初代吉松
初代の松井吉松は明治はじめの頃、伊勢の地にて生まれ、伊勢型紙を修行した。
その後、自分の腕を更に磨くため、明治29年、本所(現在の墨田区)にて伊勢型紙職人として店を構えた。
二代目福松
吉松の子福松は、父の後を継いで伊勢型紙職人となった。この時から、父から子へ技術を繋ぐ職人の形ができた。
福松は、伊勢型紙と江戸職人の違いと矜持を示すために、屋号を「松井形紙店」に定めた。
福松は太平洋戦争の時代を生き抜いたが、東京大空襲で本所の店は焼きだされた。
葛飾の地に居を定めたのは、その後である。
三代目喜松
福松の子喜松は、岩手に疎開していたため、大空襲の難を逃れた。戦後復員してきた福松に師事し、伊勢型紙職人の後を継いだ。喜松は職人としての技量が評価され、葛飾区の伝統工芸士に認定された。
四代目喜深子
三代目喜松は、職人の家系は自分の代で畳もうと決意していたが、長女の喜深子が後を継いだ。

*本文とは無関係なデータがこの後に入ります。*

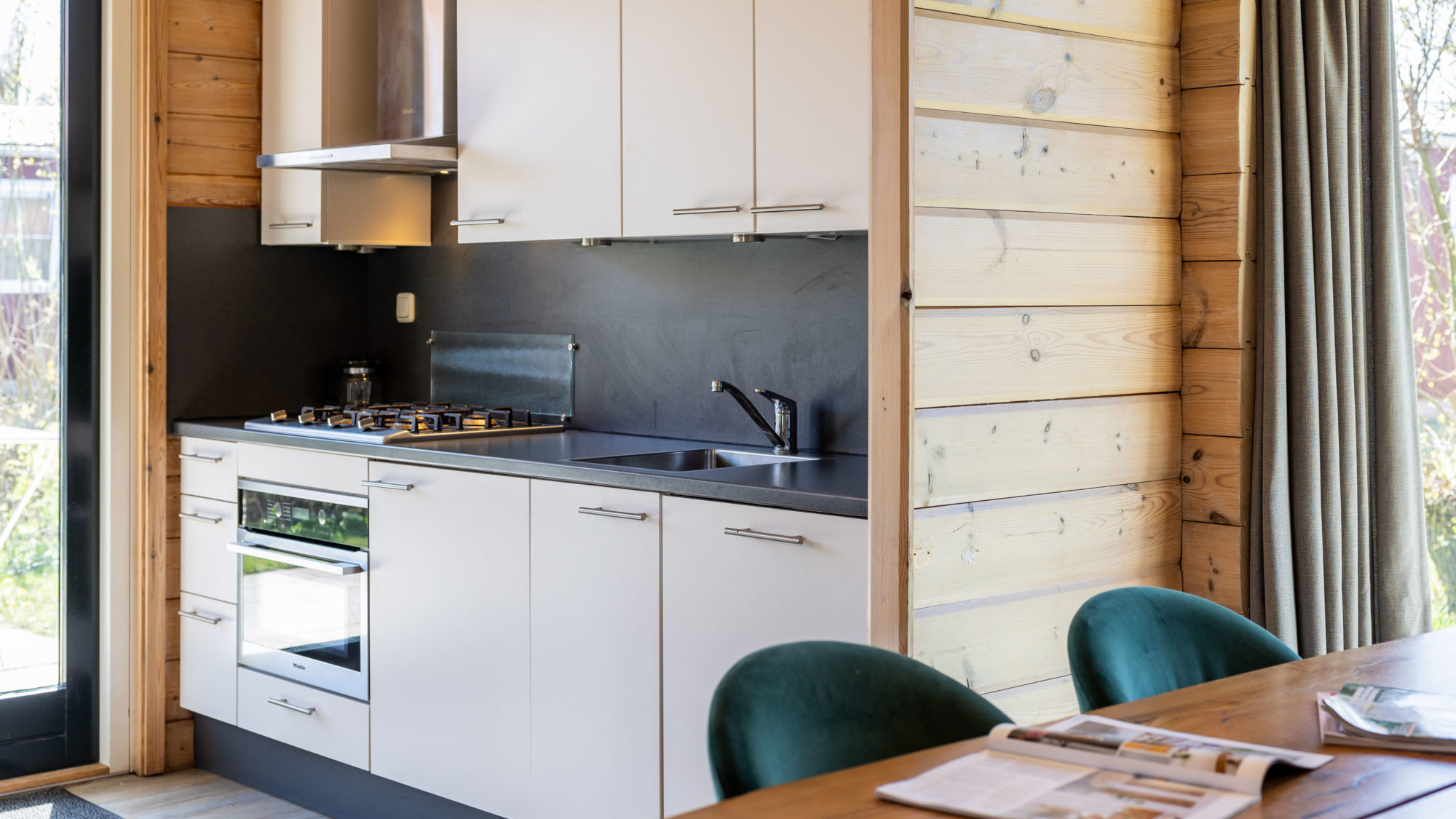 Keuken compleet Villabungalow openhaard Tjermelan Terschelling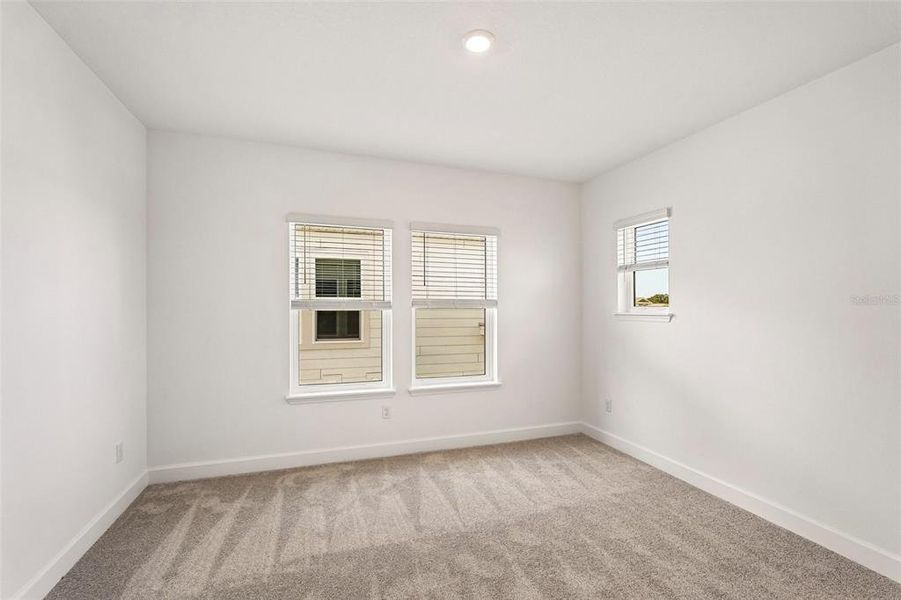 Spacious, unfurnished interior of a new home in Tiburon, Nokomis (Image 21).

喜深子は高校卒業後に喜松に弟子入り。丁寧に教えるというよりは、背中を見て覚えさせるタイプであった父喜松の技を盗む日々が続いた。その努力は実を結び、女性として初の葛飾区の伝統工芸士に認定された。
現在は、伊勢型紙を現代風にアレンジするなど、伝統工芸を次代に繋げるための努力を日々続けている。